Ma, si sa, per arrivare alle vette della fama è necessario anche avere una folta schiera di aiuti e collaboratori: è questo il tema del terzo capitolo, dove Williams analizza il complesso legame tra Sanzio e i propri allievi, e i problemi posti dalla necessità di governare cantieri molto grandi senza che emergesse il divario di stile tra la mano del maestro e quella dell’aiuto (tema, questo, che anche il maestro di Williams, John Shearman, aveva affrontato in altro modo nei propri cruciali studi raffaelleschi).

In alcuni punti del libro gli obiettivi polemici sono apertamente dichiarati, come nel caso di Hans Belting e delle sue posizioni circa la diversità fra «immagine di culto» e «opera d’arte». Per Williams è centrale la necessità di cogliere come proprio attraverso artisti quali Raffaello si fosse sviluppata la «narrazione», quella capacità, cioè, di saper trascegliere e ‘tradurre’ visivamente le parti di una storia.

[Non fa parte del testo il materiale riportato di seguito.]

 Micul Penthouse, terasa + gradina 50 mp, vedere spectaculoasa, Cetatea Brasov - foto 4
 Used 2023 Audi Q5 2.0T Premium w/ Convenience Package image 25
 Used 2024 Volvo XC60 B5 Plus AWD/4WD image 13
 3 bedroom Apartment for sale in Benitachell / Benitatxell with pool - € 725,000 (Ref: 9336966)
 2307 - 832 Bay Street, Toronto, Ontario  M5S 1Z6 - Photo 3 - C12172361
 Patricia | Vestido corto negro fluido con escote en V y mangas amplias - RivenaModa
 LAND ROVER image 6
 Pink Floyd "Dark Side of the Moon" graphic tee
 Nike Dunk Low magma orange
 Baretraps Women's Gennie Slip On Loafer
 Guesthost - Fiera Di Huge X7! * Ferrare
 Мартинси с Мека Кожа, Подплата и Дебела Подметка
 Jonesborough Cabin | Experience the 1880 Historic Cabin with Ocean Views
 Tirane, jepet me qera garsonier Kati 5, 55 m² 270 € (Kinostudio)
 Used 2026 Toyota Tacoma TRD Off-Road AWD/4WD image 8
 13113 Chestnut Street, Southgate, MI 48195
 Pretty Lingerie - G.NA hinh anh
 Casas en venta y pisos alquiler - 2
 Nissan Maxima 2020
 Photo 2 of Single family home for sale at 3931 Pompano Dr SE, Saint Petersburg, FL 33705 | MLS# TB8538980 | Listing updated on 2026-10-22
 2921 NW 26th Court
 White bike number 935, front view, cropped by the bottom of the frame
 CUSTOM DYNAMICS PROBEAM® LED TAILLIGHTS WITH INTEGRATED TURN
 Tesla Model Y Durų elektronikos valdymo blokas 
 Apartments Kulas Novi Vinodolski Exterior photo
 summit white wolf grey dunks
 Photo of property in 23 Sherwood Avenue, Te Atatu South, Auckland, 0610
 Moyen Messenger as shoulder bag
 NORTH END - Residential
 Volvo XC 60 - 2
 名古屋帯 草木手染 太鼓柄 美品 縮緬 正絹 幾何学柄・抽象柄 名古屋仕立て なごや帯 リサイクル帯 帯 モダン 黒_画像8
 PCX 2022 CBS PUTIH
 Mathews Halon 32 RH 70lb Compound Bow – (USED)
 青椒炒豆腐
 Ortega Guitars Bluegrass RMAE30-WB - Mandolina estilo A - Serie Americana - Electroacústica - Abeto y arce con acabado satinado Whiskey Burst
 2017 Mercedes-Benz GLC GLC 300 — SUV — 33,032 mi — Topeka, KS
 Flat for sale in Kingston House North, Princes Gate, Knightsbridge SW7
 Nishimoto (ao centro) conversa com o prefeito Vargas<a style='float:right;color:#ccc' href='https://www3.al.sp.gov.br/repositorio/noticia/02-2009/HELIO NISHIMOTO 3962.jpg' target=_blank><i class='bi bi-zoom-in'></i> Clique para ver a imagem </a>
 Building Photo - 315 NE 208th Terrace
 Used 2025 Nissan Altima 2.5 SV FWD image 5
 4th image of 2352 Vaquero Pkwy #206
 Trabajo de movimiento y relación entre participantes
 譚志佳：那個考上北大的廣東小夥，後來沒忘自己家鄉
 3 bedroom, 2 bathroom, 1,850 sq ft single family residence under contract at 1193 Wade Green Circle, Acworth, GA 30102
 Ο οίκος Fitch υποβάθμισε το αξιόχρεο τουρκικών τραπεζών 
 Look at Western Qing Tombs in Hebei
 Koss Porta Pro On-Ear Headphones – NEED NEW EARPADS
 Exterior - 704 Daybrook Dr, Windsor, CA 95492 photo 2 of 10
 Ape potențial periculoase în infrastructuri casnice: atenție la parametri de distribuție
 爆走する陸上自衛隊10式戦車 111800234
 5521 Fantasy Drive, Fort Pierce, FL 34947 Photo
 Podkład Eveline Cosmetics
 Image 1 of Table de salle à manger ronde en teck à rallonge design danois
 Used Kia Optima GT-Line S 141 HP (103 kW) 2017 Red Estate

Un aspetto importante del libro è che, per costruire il proprio testo, Williams ha dedicato grandissima attenzione alla vita che Vasari scrisse del Sanzio. L’attenzione al testo vasariano, che in ogni capitolo è analizzato minuziosamente pezzo per pezzo, fa sì che le pagine dell’aretino costituiscano una sorta di contro-canto rispetto alla voce principale dell’autore, facendone emergere tutta la centralità per ricostruire il percorso di Raffaello e per comprendere lo sguardo che i contemporanei avevano sull’artista, ma senza passare sotto silenzio i punti problematici.

Un volume assai denso, di fronte al quale il lettore non è però lasciato solo: la chiarezza di Williams non viene infatti mai meno, e aiuta a seguire il procedere delle sue idee in rapporto all’arte di Raffaello. Quello che alla fine emerge è uno sguardo acuto sull’opera dell’artista, che aiuta a mettere a fuoco alcuni nuclei concettuali e spinge a interrogarsi sul perché le cose abbiano la forma che hanno.